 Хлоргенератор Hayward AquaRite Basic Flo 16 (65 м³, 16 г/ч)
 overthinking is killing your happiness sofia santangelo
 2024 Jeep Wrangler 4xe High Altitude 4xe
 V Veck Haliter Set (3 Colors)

==

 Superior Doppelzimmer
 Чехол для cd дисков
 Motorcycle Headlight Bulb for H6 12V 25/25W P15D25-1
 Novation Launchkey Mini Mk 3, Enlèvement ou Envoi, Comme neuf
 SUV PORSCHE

---

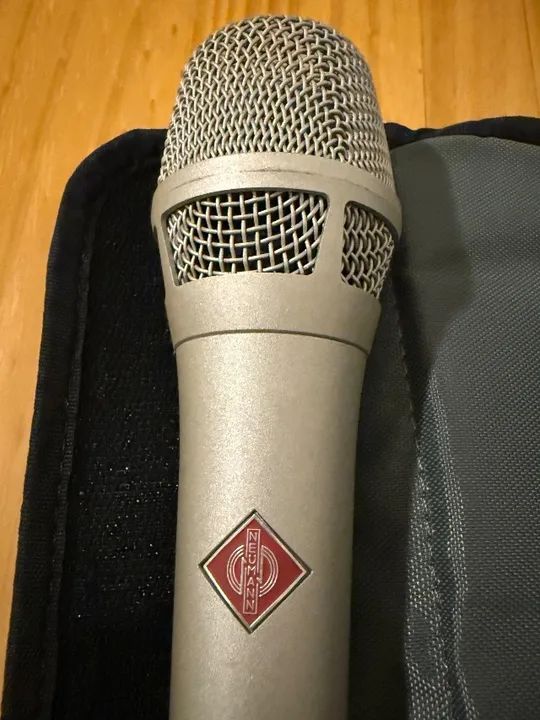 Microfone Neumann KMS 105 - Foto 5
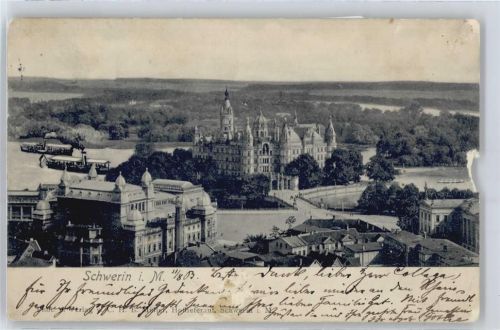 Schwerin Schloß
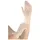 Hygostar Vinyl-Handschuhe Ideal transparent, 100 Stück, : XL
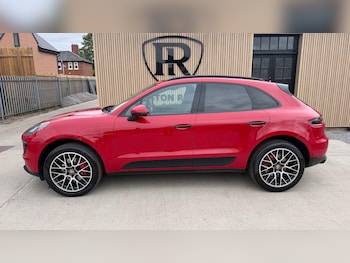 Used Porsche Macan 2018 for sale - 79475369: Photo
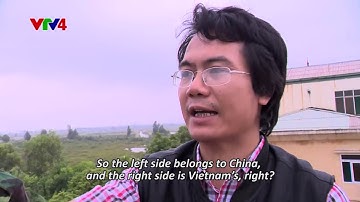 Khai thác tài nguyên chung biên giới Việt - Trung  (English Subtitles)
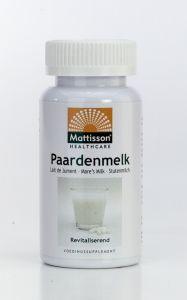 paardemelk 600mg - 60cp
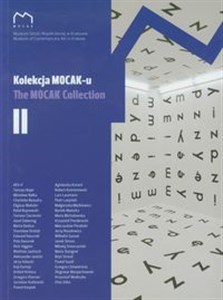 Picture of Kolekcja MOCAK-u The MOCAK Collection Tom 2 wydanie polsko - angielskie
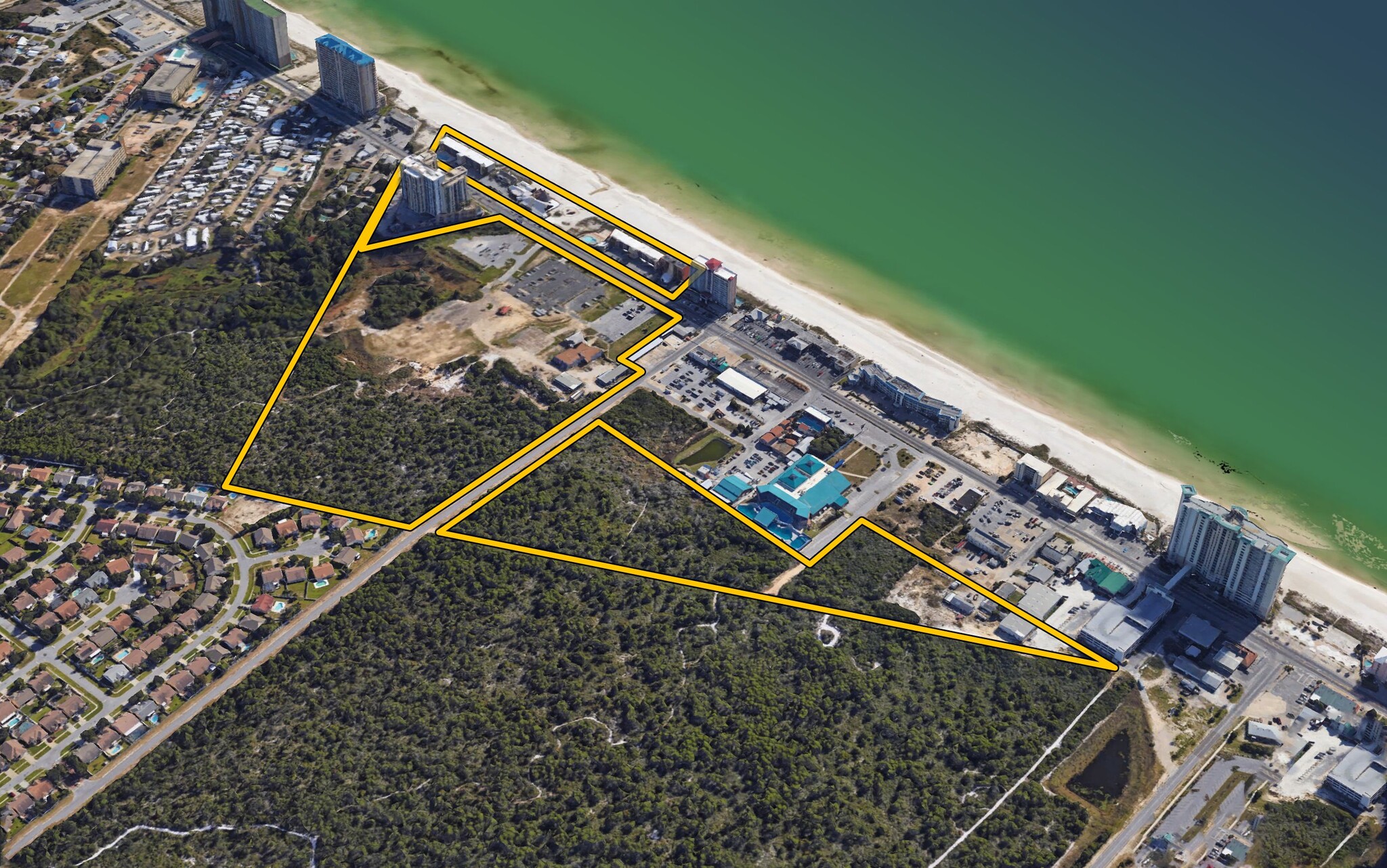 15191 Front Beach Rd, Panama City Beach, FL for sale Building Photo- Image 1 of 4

> [TASK TO COMPLETE]
Where the listing above has a line with "Motorcycle Headlight Bulb", start there, and output every line exactly through the line with "SUV PORSCHE", which is also included.

> [THE ANSWER]
 Motorcycle Headlight Bulb for H6 12V 25/25W P15D25-1
 Novation Launchkey Mini Mk 3, Enlèvement ou Envoi, Comme neuf
 SUV PORSCHE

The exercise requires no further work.